[Crawled caption data]
[Start of section]

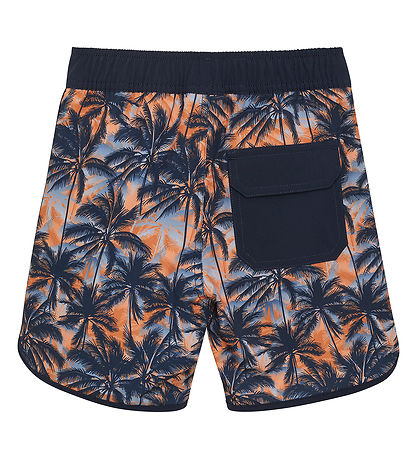 Color Kids Badeshorts - Tangerine/Navy m. Palmer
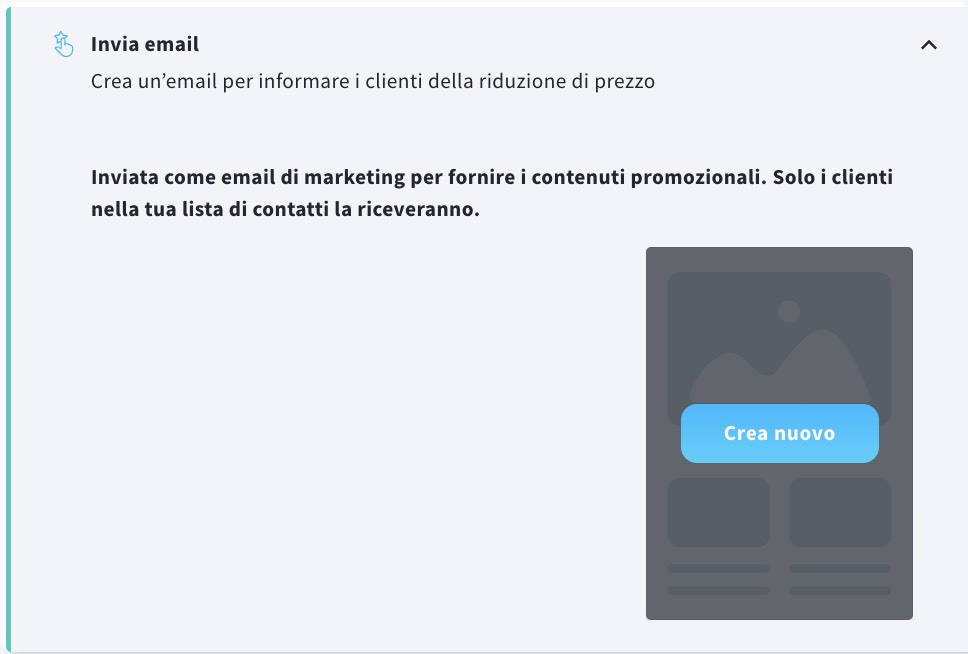 creazione di un nuovo pannello di messaggio relativo alla riduzione di prezzo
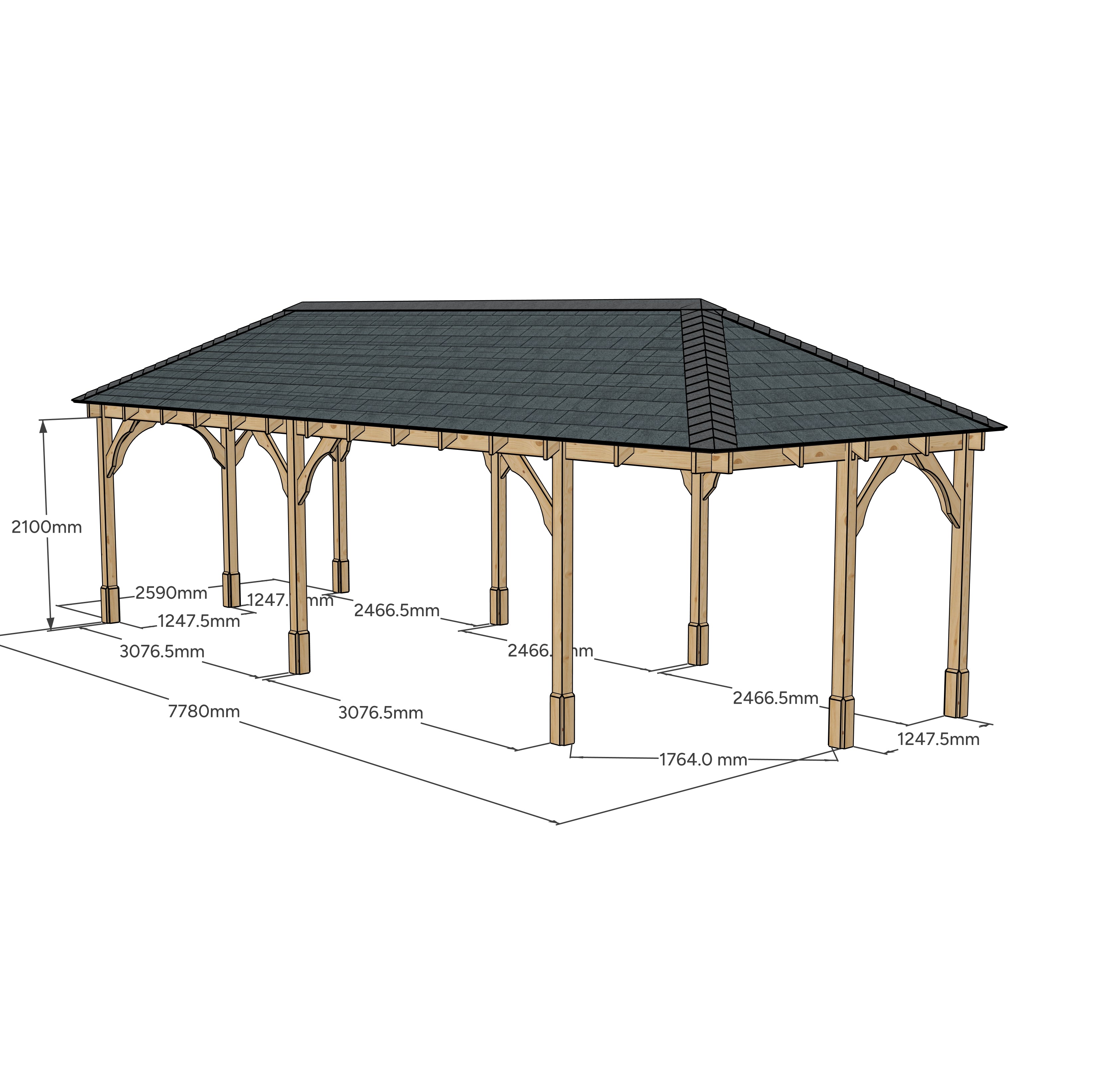 Overton Apex Gazebo - Rustic Brown - 3m Width x 8m Length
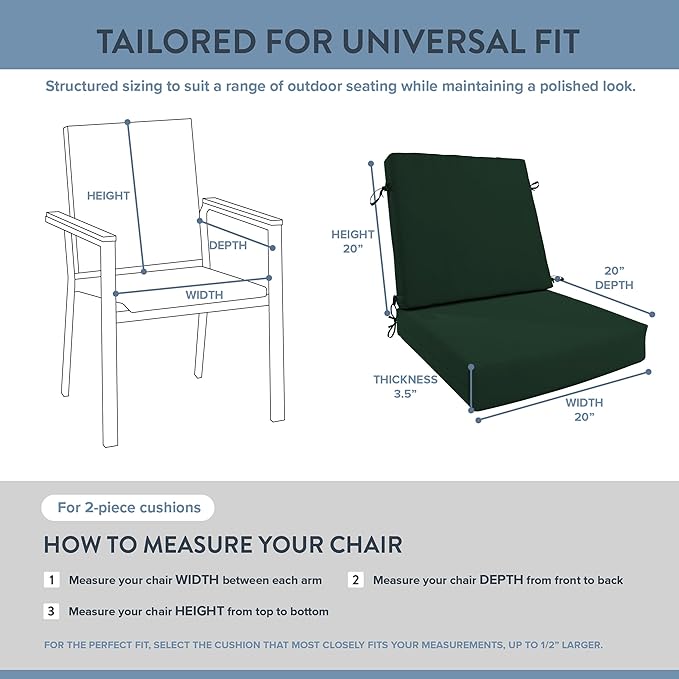 California Umbrella Outdoor Dining Chair, Patio Seat Cushion, 20 x 40 Inch, Premium Outdoor Memory Foam, Fade Resistant Sunbrella Fabric, Fabric Ties,Forest Green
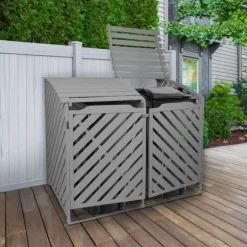 Förråd för 2 x 240 Liter Soptunnor med Lock Gråmålat Granträ Förvaringsbod Bod Skjul Trädgård Trädgårdskjul Utomhus Förvaring Låsbar + Monteringskit | CDON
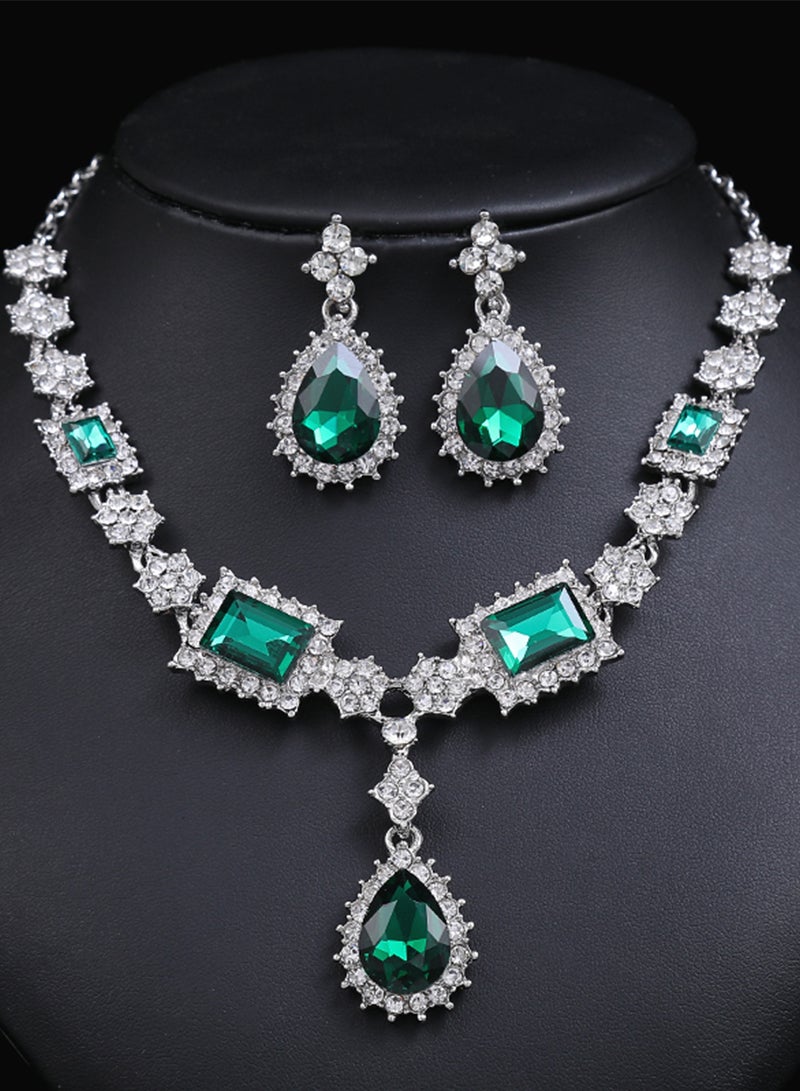 2-Piece Elegant Retro Necklace and Earrings Set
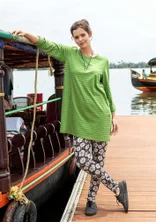 Gestreifte Jerseytunika aus Bio-Baumwolle - seegras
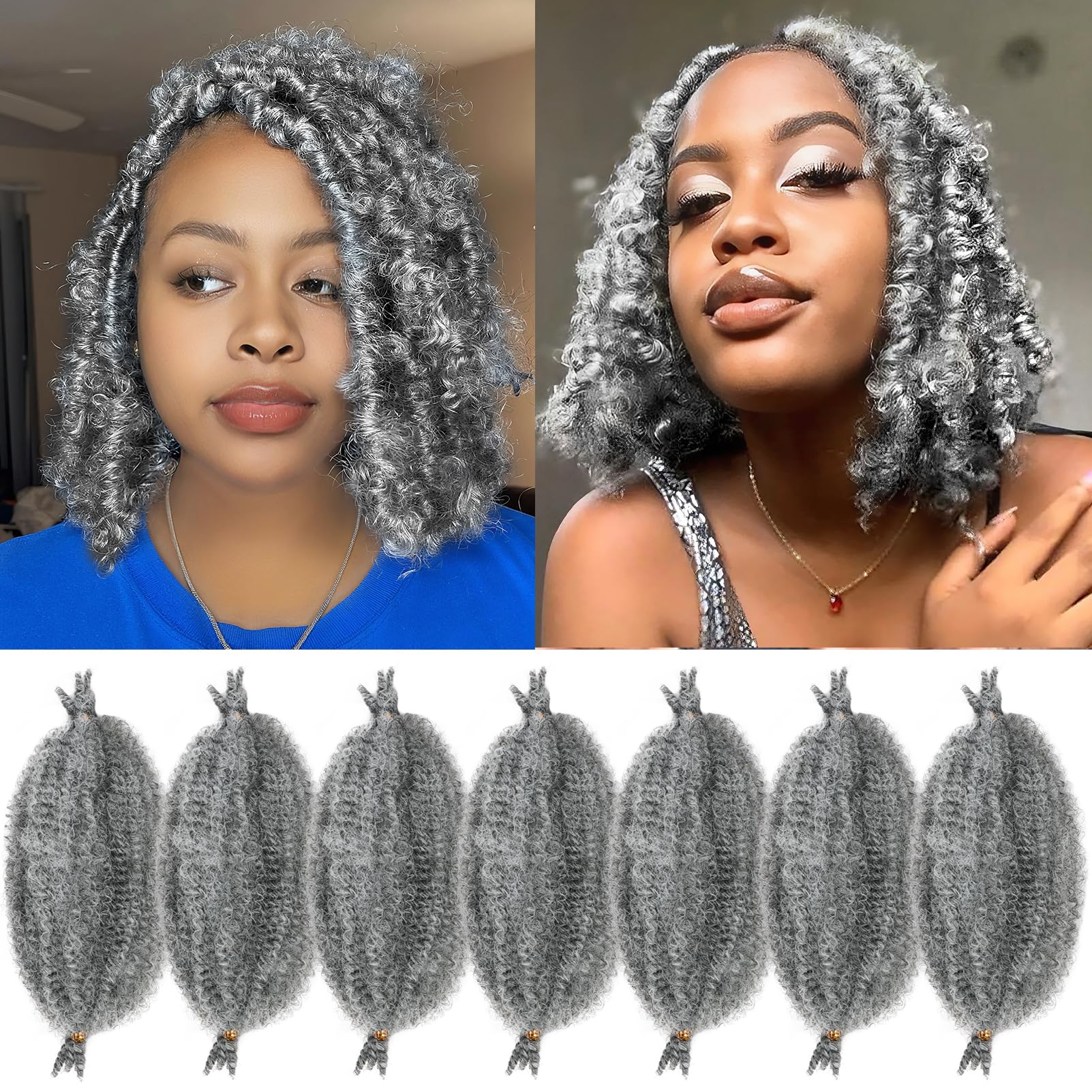 Marley Hair 10 Inch 7 Packs Grey Marley Twist Braiding Hair for Soft Faux Locs Crochet Hair Pre Separated Springy Afro Twist Hair Cuban Twist Hair Pre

[End of section]

> [GOAL OF THE EXERCISE]: Transcribe every entry exactly, leaving out the pictures.

> [SOLUTION TO THIS PROBLEM]:
 Color Kids Badeshorts - Tangerine/Navy m. Palmer
 creazione di un nuovo pannello di messaggio relativo alla riduzione di prezzo
 Overton Apex Gazebo - Rustic Brown - 3m Width x 8m Length
 California Umbrella Outdoor Dining Chair, Patio Seat Cushion, 20 x 40 Inch, Premium Outdoor Memory Foam, Fade Resistant Sunbrella Fabric, Fabric Ties,Forest Green
 Förråd för 2 x 240 Liter Soptunnor med Lock Gråmålat Granträ Förvaringsbod Bod Skjul Trädgård Trädgårdskjul Utomhus Förvaring Låsbar + Monteringskit | CDON
 2-Piece Elegant Retro Necklace and Earrings Set
 Gestreifte Jerseytunika aus Bio-Baumwolle - seegras
 Marley Hair 10 Inch 7 Packs Grey Marley Twist Braiding Hair for Soft Faux Locs Crochet Hair Pre Separated Springy Afro Twist Hair Cuban Twist Hair Pre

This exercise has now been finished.